ABOUT THIS TASK: A verbatim copy of the full data, with no pictures, is the expected answer.

THE DATA:
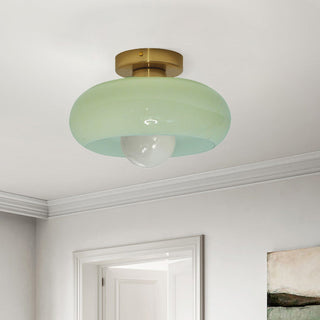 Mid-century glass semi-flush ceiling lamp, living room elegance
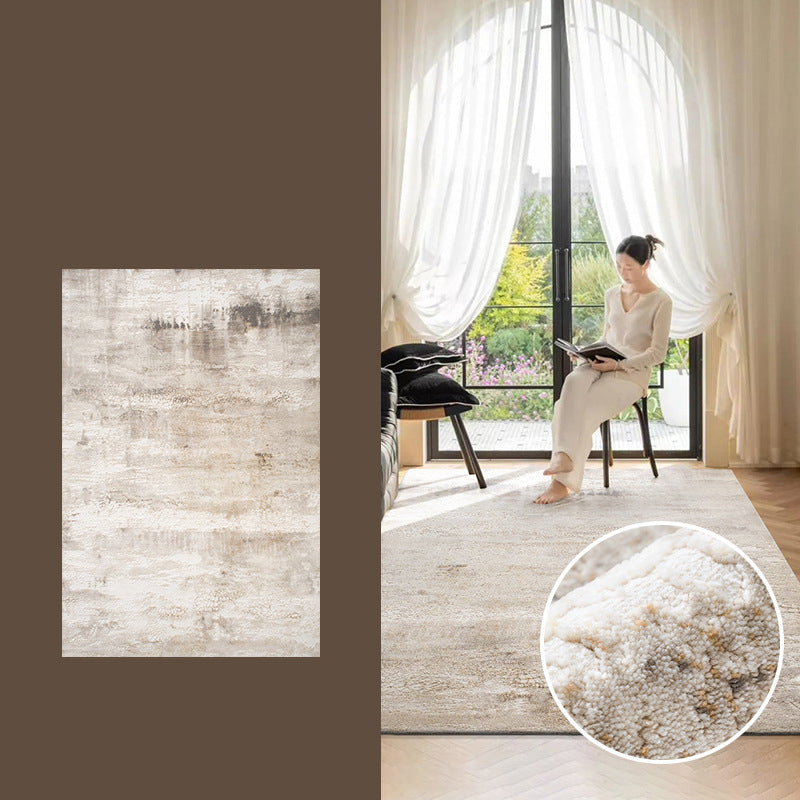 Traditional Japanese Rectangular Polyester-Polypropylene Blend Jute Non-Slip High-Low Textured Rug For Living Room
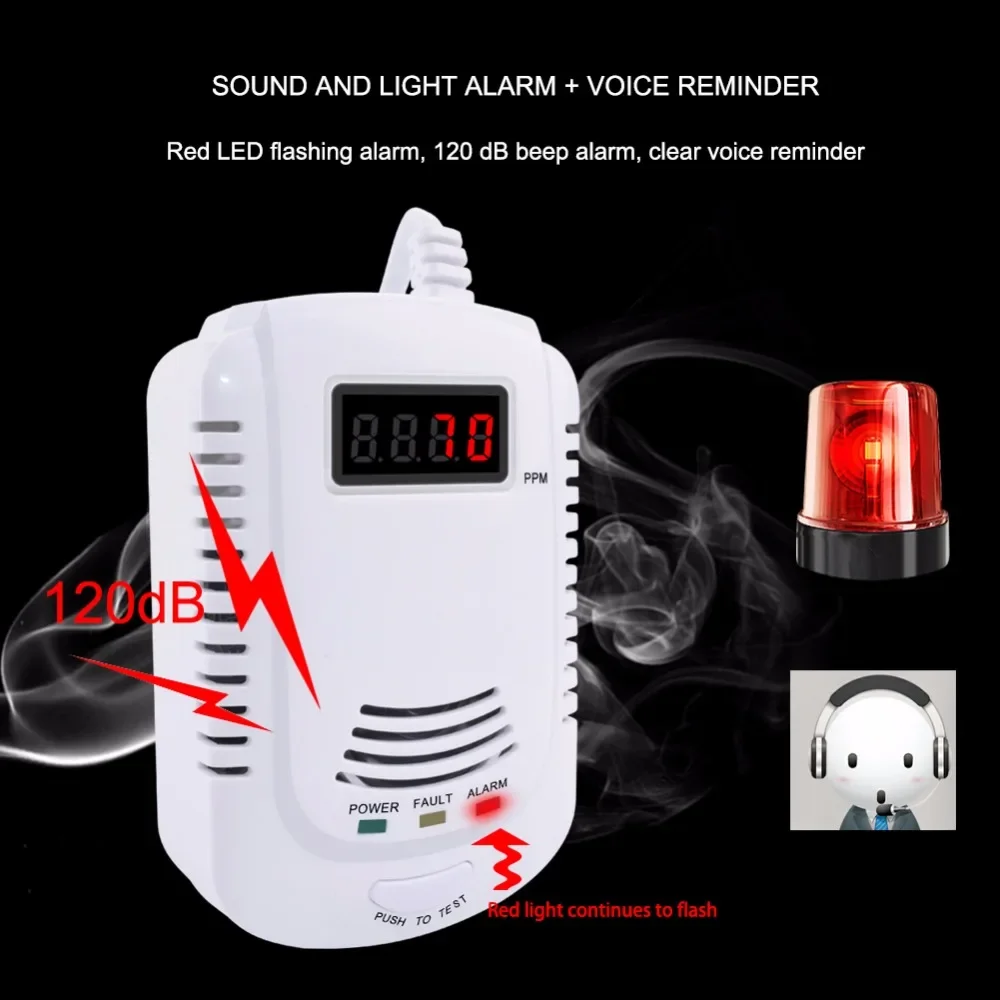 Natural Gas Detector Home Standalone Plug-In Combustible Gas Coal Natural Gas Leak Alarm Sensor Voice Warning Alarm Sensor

OUTPUT BELOW:
 Mid-century glass semi-flush ceiling lamp, living room elegance
 Traditional Japanese Rectangular Polyester-Polypropylene Blend Jute Non-Slip High-Low Textured Rug For Living Room
 Natural Gas Detector Home Standalone Plug-In Combustible Gas Coal Natural Gas Leak Alarm Sensor Voice Warning Alarm Sensor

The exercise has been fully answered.